Nesta imagem, Hillary conversa num café em LeClaire, no Iowa, conhecida na região pelo jogo da corda anual, o momento em que, de cada uma das margens do Mississípi, 1500 habitantes puxam de um lado e os outros 1500 puxam do outro. Em 2008, Hillary gritava de forma estridente: “Eu estou na corrida para ganhar!” Agora, diz, suavemente, frases como “espero que você se junte a mim”. Esta foi a primeira lição que Hillary tirou do passado.

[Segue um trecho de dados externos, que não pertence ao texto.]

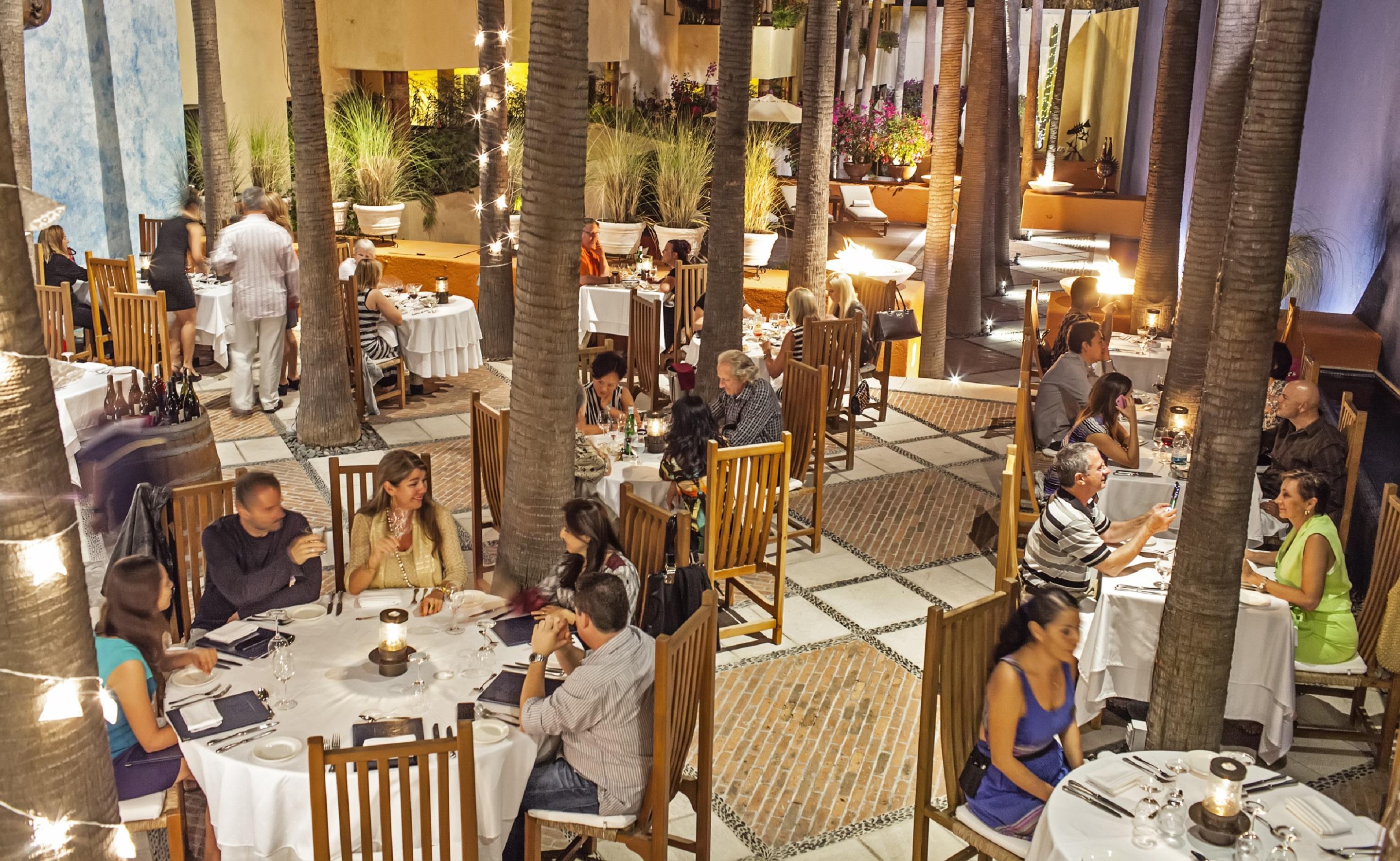 Casa Natalia Boutique Hotel Adults Only San José del Cabo Eksteriør bilde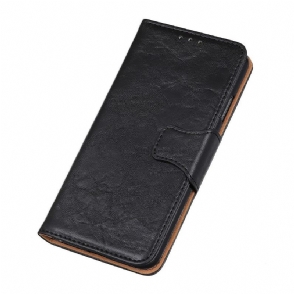 Case voor Xiaomi Redmi 7 Bescherming Edouard Kunstleer Kaarthouder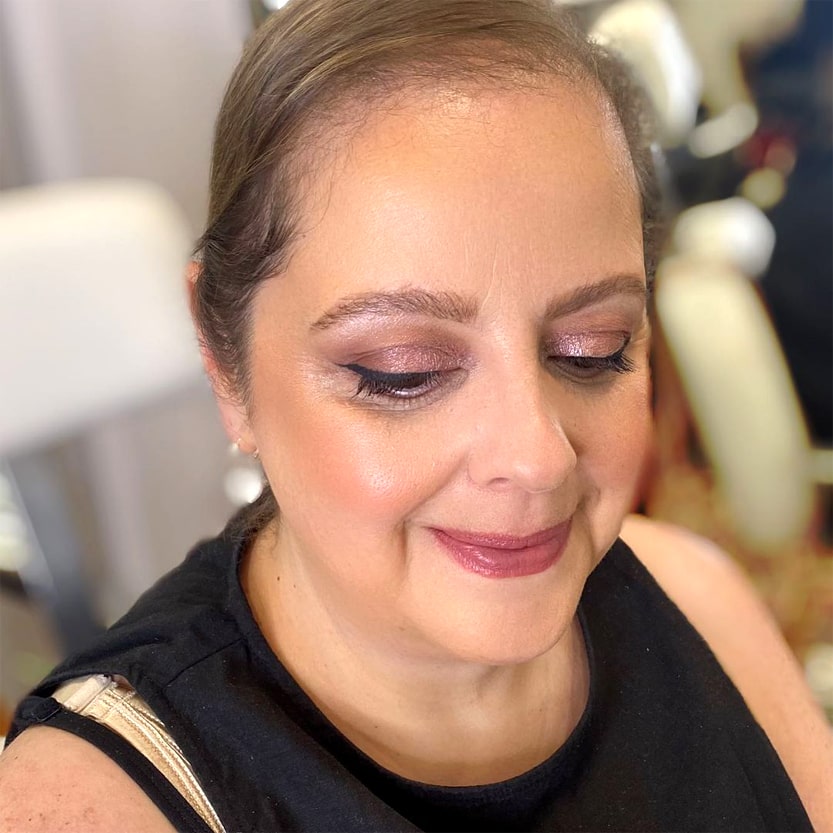 makeup artist perth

A segunda é centrar-se na classe média — pode parecer um cliché, pois não há candidato a Presidente americano que não fale sem parar da middle class. Essa foi uma das mensagens fortes de Obama e foi a eles que o “Presidente da mudança” dedicou o seu primeiro gesto político quando chegou à Casa Branca: criar uma task force multidisciplinar dentro do Governo para melhorar a vida das “famílias da classe média”. Esta segunda lição de Hillary está inteira no pequeno vídeo de início da sua campanha. O vídeo é banal e tem aquele politicamente correcto descarado que só os americanos aguentam: o casal branco, o casal misto, o casal negro, o casal gay masculino e o casal gay feminino (o que o fez ser classificado “para adultos” numa televisão russa), a jovem asiática, o rapaz solteiro, os irmãos latinos, o campo e a cidade, casais velhos e casais novos e até, não estou a brincar, uma família que tem um cão e outra que tem um gato. O Vox diz que a “realização é fascinante” e que o vídeo é “surpreendentemente corajoso”. O vídeo tem a força de romper com a clássica demonstração das qualidades do candidato. Aparentemente, não é centrado em Hillary. Os vários “tipos” de americanos vão-se sucedendo e dizendo o que vão fazer no futuro — para o ano, vou abrir uma empresa, vou mudar de cidade, vou reformar-me, vou casar. Hillary só aparece no fim e diz que se vai candidatar. O slogan “quero ser a vossa campeã” soa terrivelmente mal aos nossos ouvidos europeus, que pedem mais modéstia e menos autoconvencimento. Também soa mal porque sabemos que é estratégia pura de alguém que perdeu em 2008 por ter entrado na corrida com aura de invencível e não ter sabido chegar às pessoas. Mas que soa melhor do que qualquer um dos vídeos deste início de corrida, aí, sim, Hillary já tem, pelo menos, o prémio Hollywood.